■ EXERCISE
Starting with the line that holds "Used 2021 Gray Chevrolet Stingray image 4", repeat each line through the last one below, exactly. Pictures stay out.

(Data extracted from a collection)
---
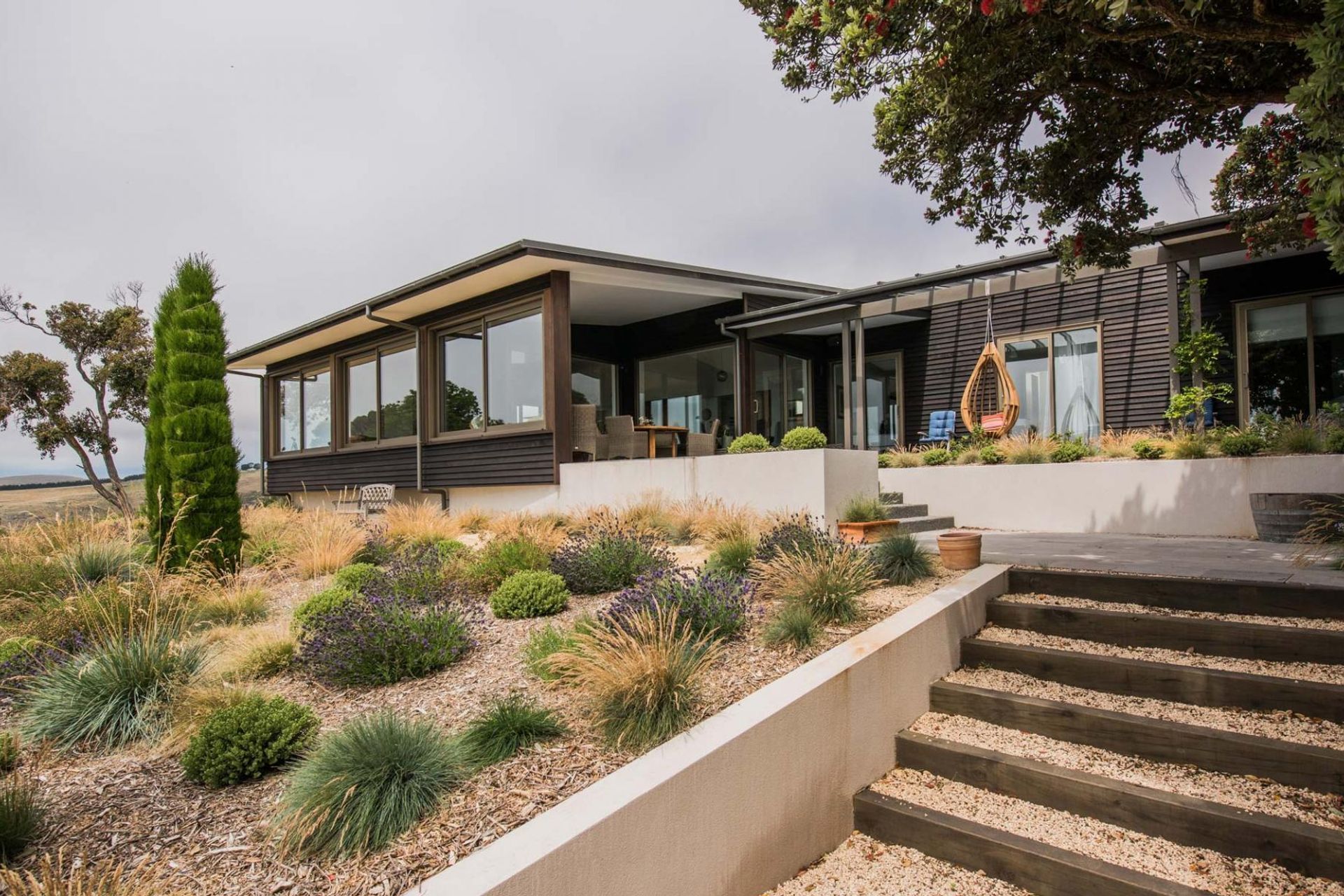 This Richmond Hill home shows the impact of quality landscaping and high-calibre design and workmanship.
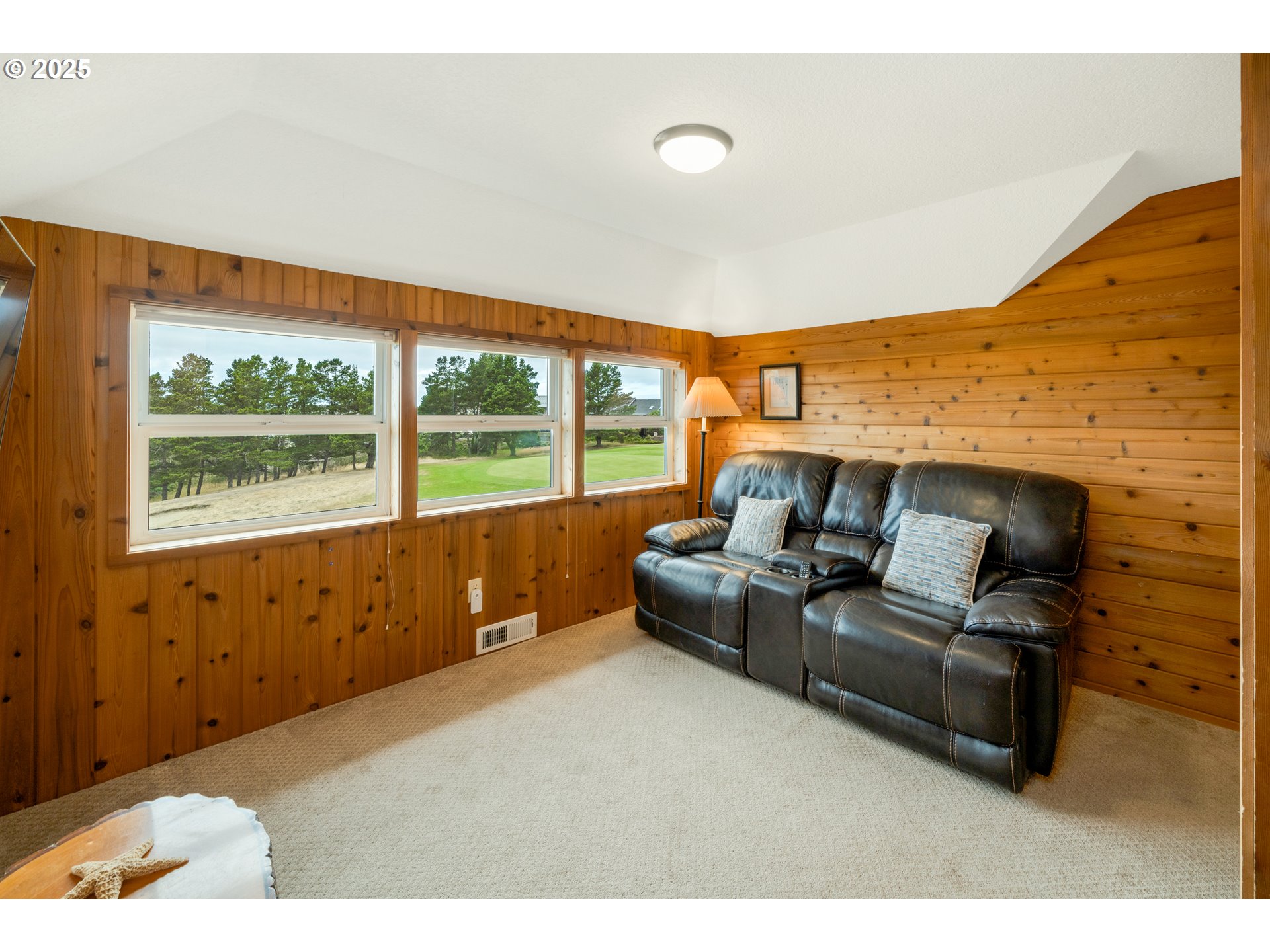 559 RIDGE DR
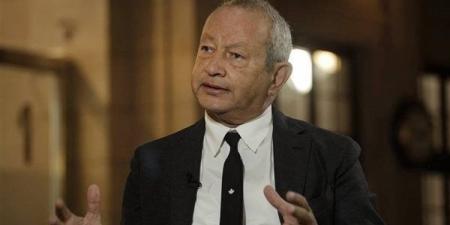 عمل مع عائلتنا بذمة ومحبة وإخلاص، نجيب ساويرس ينعي أحد العاملين مع والده
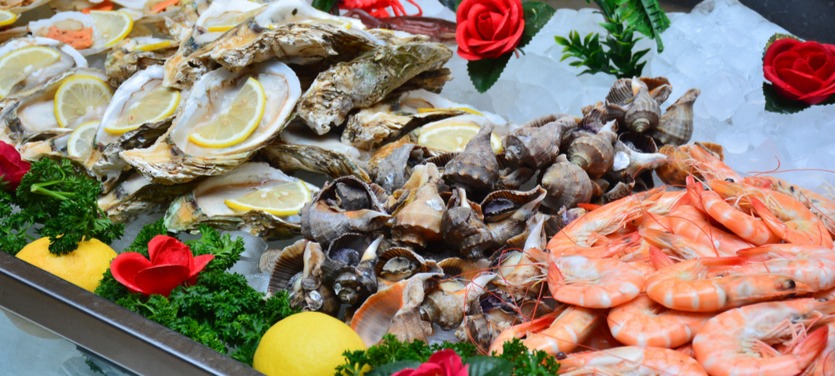 一大波青岛海鲜向我们袭来 你确定不尝一下这些美食？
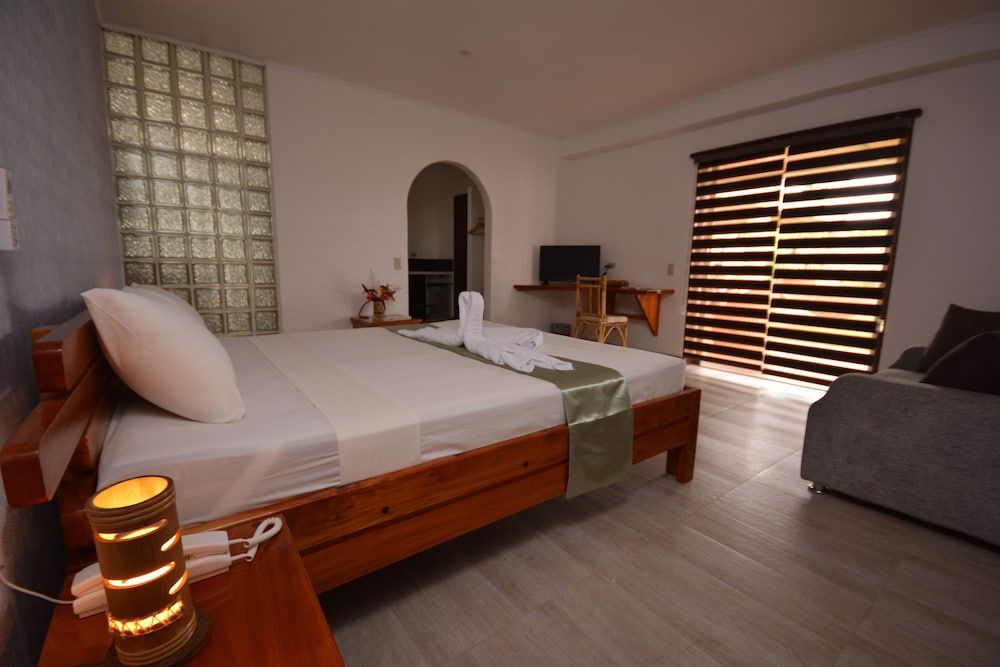 Munting Paraiso Superior Room 5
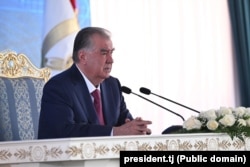 Тәжікстан басшысы Эмомали Рахмон елді 30 жылдан астам уақыт бойы басқарып келеді.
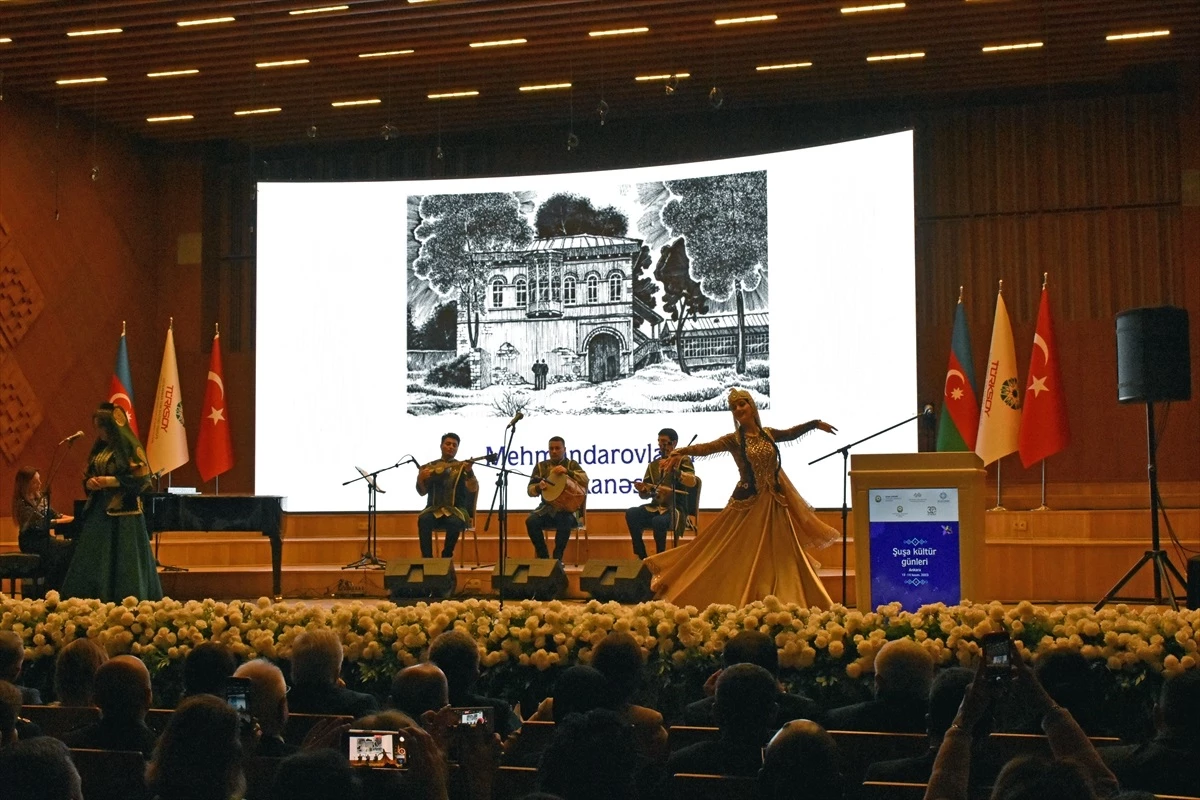 Azerbaycanlı Sanatçıların Sahne Aldığı Konser Programı Düzenlendi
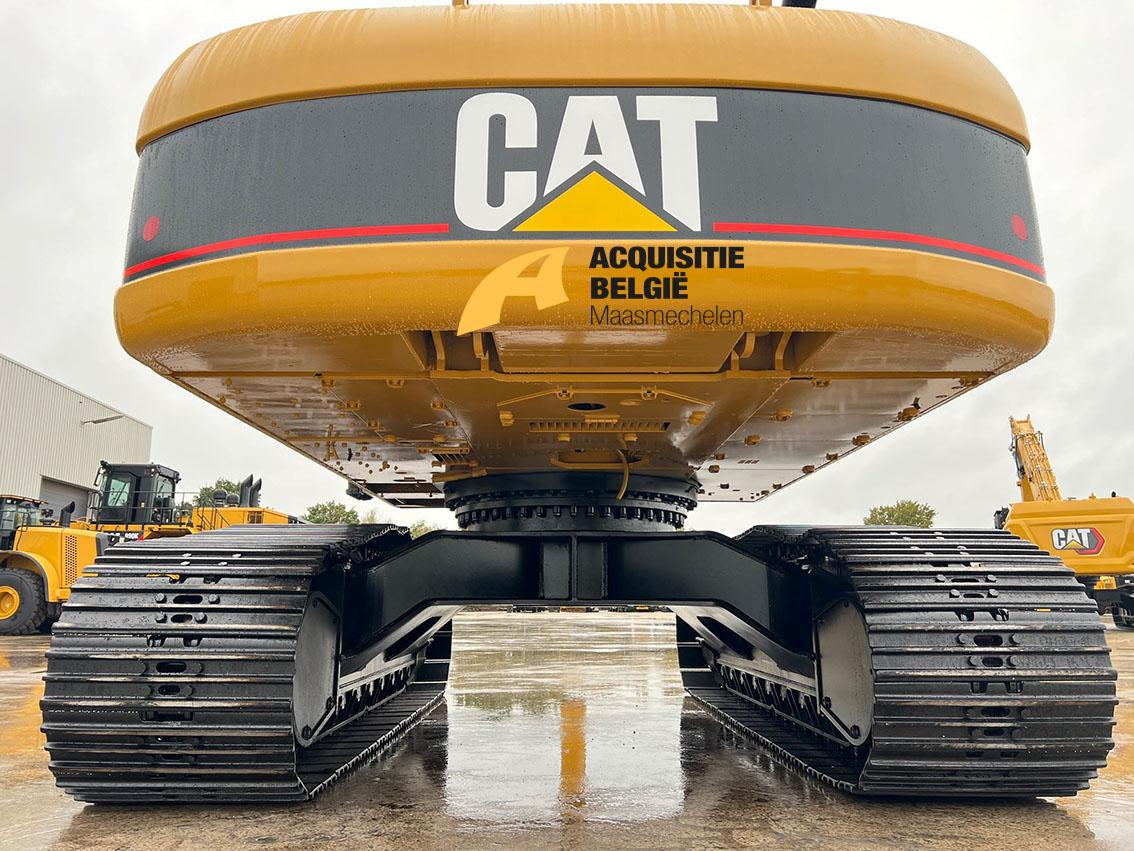 CATERPILLAR 330 crawler excavator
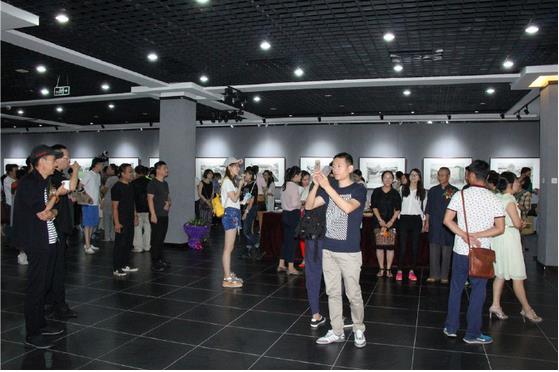 �������▪����չ�ھ�����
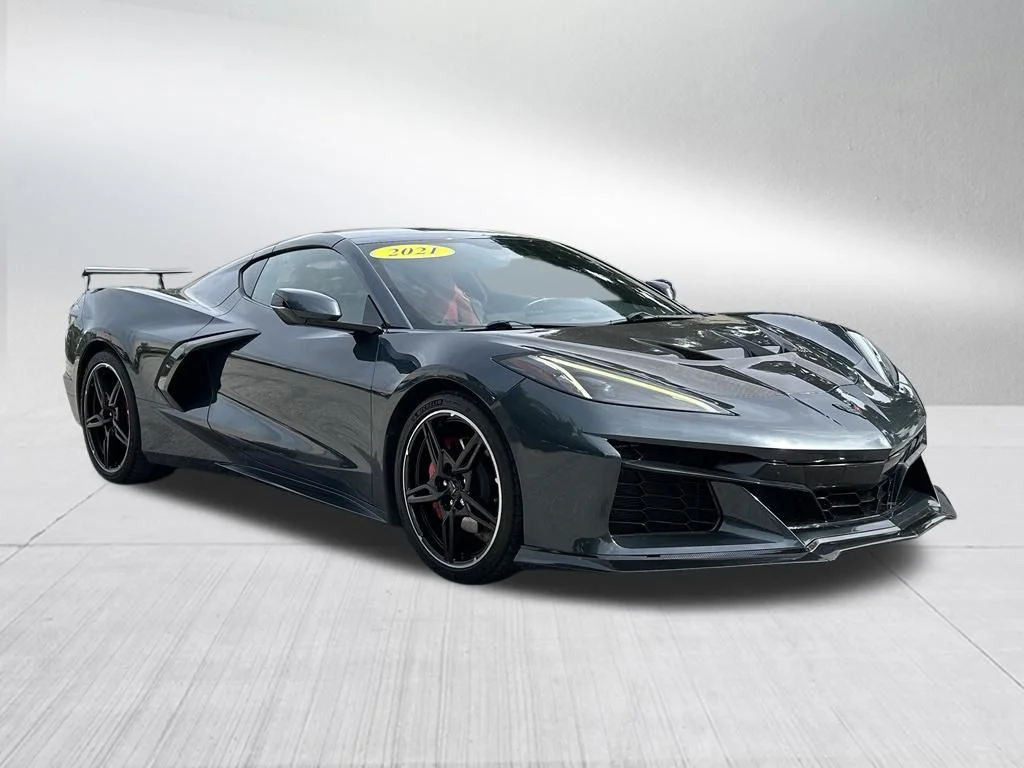 Used 2021 Gray Chevrolet Stingray image 4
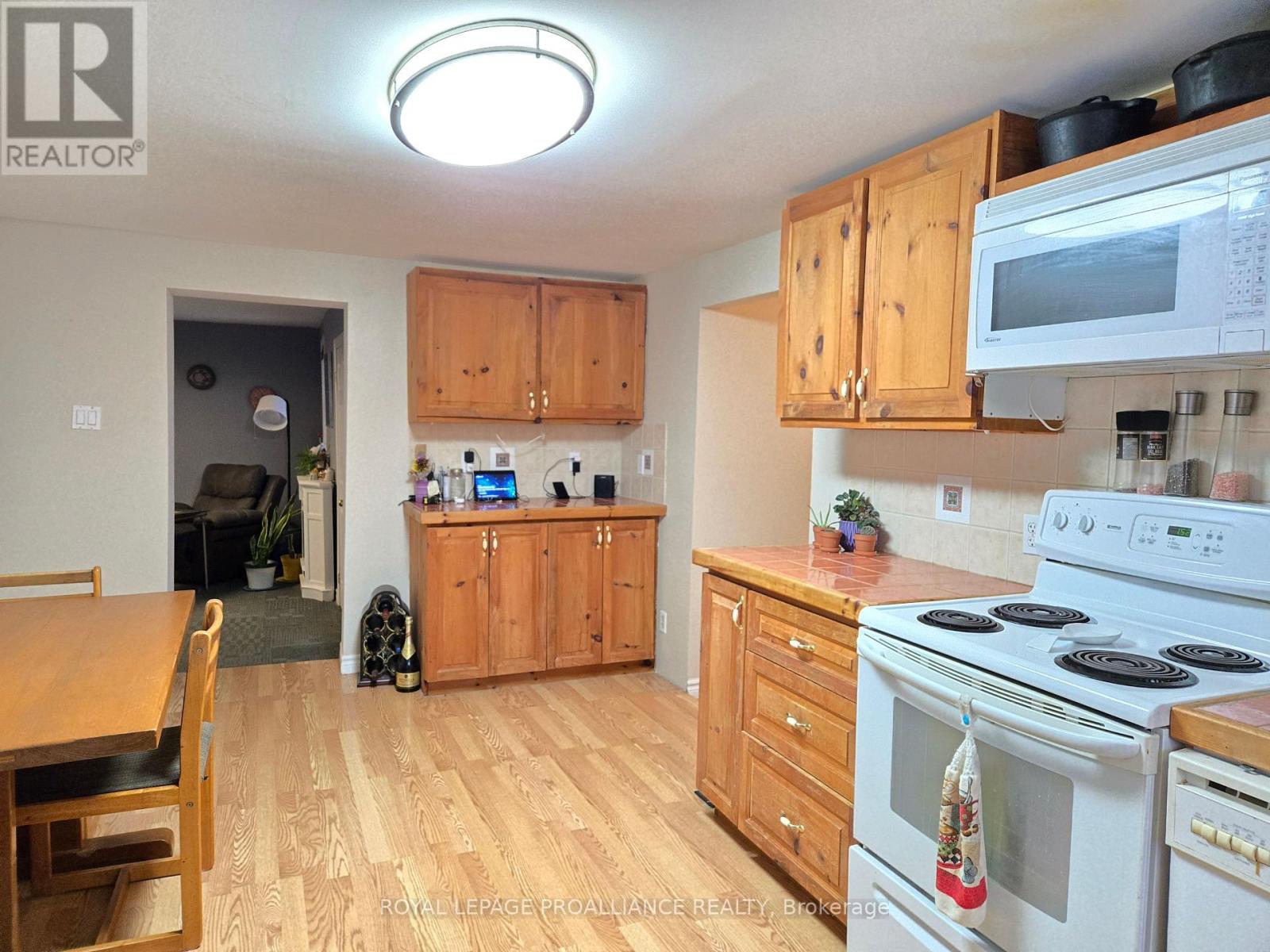 118 Hubbs Road, Prince Edward County, Ontario  K0K 1A0 - Photo 4 - X12774598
---
■ RESPONSE BOX
 Used 2021 Gray Chevrolet Stingray image 4
 118 Hubbs Road, Prince Edward County, Ontario  K0K 1A0 - Photo 4 - X12774598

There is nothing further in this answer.